In selected reports—as distinguished from cost estimates—CBO has provided estimates of the effects on the overall economy of significant changes in federal spending and tax policies. Some of those analyses have also examined how the projected changes in the economy would in turn affect the federal budget, though those feedback effects have generally been small relative to the direct budgetary effects of the policies analyzed. Recent reports incorporating such analyses include the agency’s annual examination of the economic impact of the President’s budget, its annual Long-Term Budget Outlook, and several reports on the macroeconomic effects of alternative budgetary paths.
CBO’s analyses whose scope is the budget as whole—such as those examining the Budget Control Act of 2011, the President’s budget, and alternative scenarios in reports on the long-term budget outlook—incorporate, among many other things, the effects on federal interest payments of such broad proposals’ changes to the total amount of federal debt. To be consistent with long-standing procedures used by the Congress for budget enforcement purposes, CBO does not includes such effects in cost estimates for specific pieces of legislation or other analyses of specific proposals.

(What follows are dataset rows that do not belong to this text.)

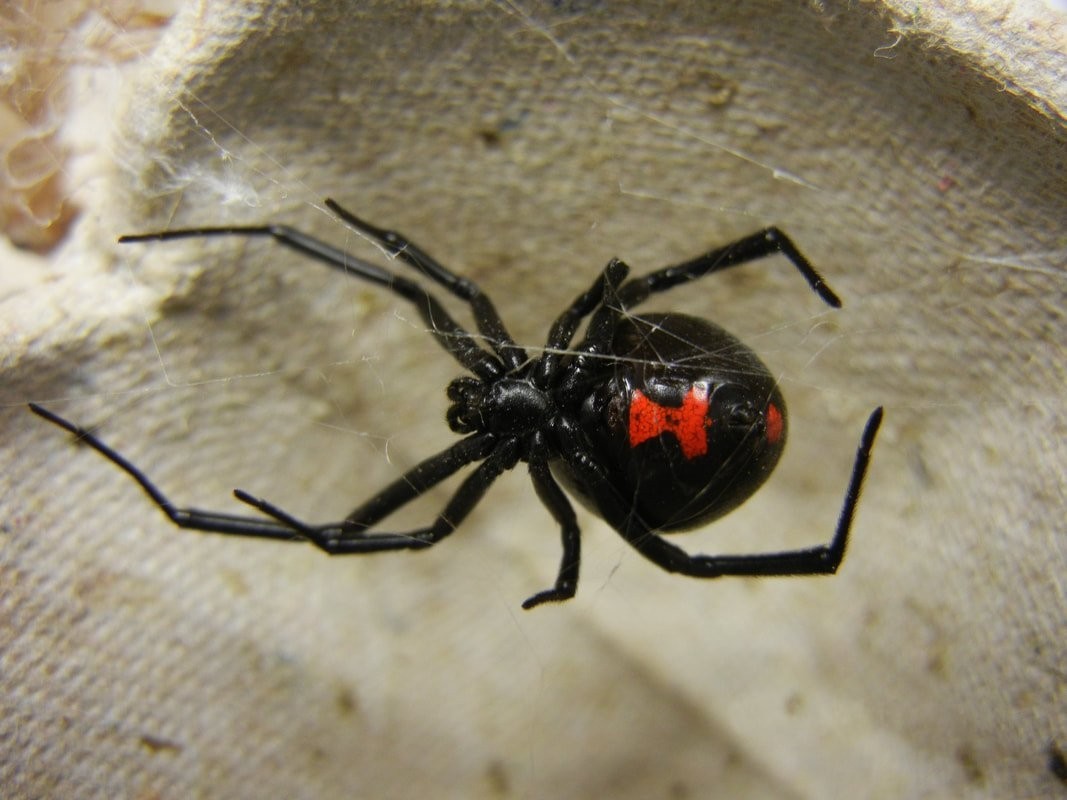 Spiders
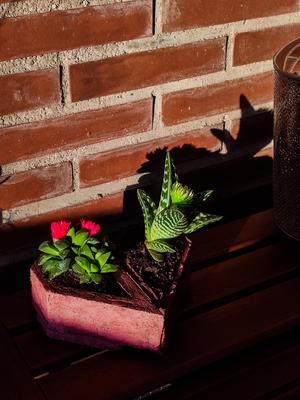 Heart planters | Cement mold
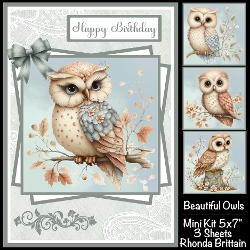 Beautiful Owls Mini Kit 5x7 (3) Plus Bonus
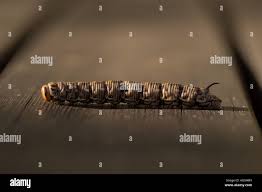 Attēlu rezultāti vaicājumam “Sphinx pinastri larva”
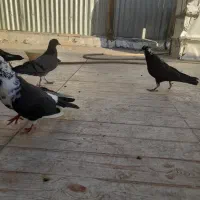 کفتر پلاکی زرد پلاس بوبور جوجه پرشیی|پرنده|قم, شهرک امام حسن|دیوار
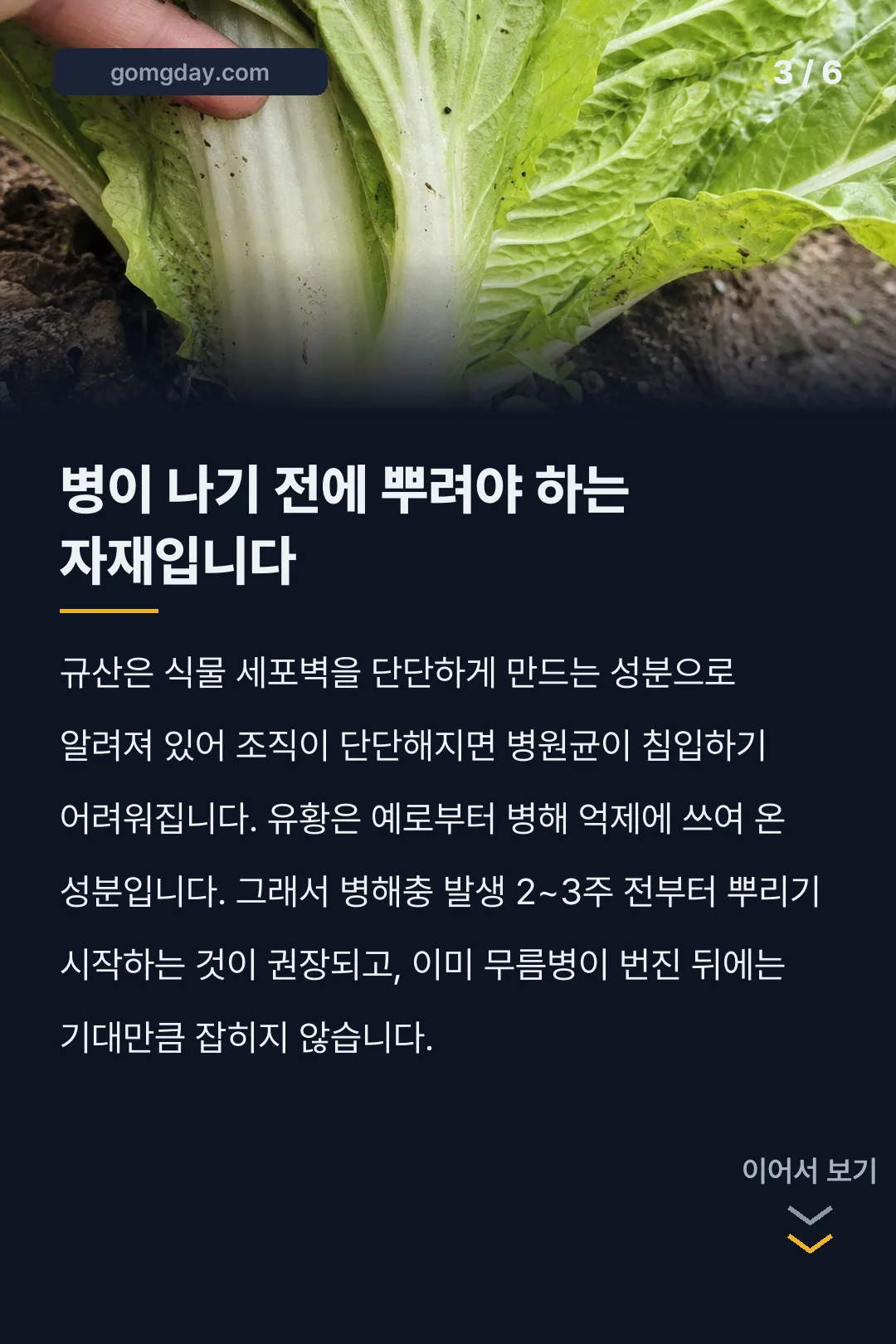 규산황 배추 사용법 카드뉴스 3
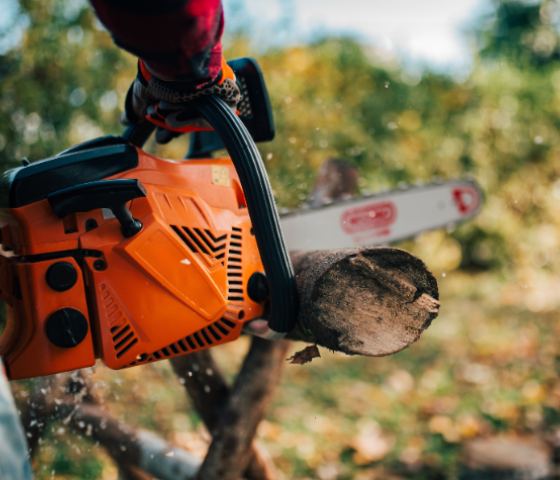 chainsaw, course, study, tafe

Analyses by CBO can also incorporate the macroeconomic effects of government policy, and the resulting feedback effects on the federal budget. In particular, the Concurrent Resolution on the Budget for Fiscal Year 2016 requires such analyses for major pieces of legislation, as discussed above. Those analyses account for the effect on federal interest payments of changes to interest rates that would result from proposed policies. In its presentation of results, CBO also includes the effects on federal interest payments of changes in the total amount of federal debt if the analytic scope is the budget as a whole, as when examining the President’s budget, but does not if it is limited to a specific piece of legislation, such as repealing the Affordable Care Act.

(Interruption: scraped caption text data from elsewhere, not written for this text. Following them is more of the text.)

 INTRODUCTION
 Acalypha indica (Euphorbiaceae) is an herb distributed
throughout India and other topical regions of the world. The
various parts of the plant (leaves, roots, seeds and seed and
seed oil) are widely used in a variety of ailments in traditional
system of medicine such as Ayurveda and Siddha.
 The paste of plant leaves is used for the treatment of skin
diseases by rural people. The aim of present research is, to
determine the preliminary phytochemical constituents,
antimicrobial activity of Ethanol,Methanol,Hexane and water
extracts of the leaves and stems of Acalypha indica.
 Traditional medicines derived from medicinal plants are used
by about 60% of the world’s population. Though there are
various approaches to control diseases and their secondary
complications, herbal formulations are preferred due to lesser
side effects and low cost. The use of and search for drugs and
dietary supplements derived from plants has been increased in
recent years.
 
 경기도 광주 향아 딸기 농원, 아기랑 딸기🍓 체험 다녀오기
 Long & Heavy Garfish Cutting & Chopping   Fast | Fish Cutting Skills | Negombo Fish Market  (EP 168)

CBO’s baseline budget and economic projections are intended to show the future paths of the budget and the economy under existing laws. Those baseline projections then serve as a neutral benchmark against which Members of Congress can measure the effects of proposed legislation. Because lawmakers frequently enact changes to laws, however, actual budget and economic outcomes are almost certain to differ from CBO’s projections even if the projections are a perfectly accurate forecast conditional on existing laws. Therefore, the differences between projections and outcomes can be misleading measures of the quality of the projections unless adjustments are made for changes in laws.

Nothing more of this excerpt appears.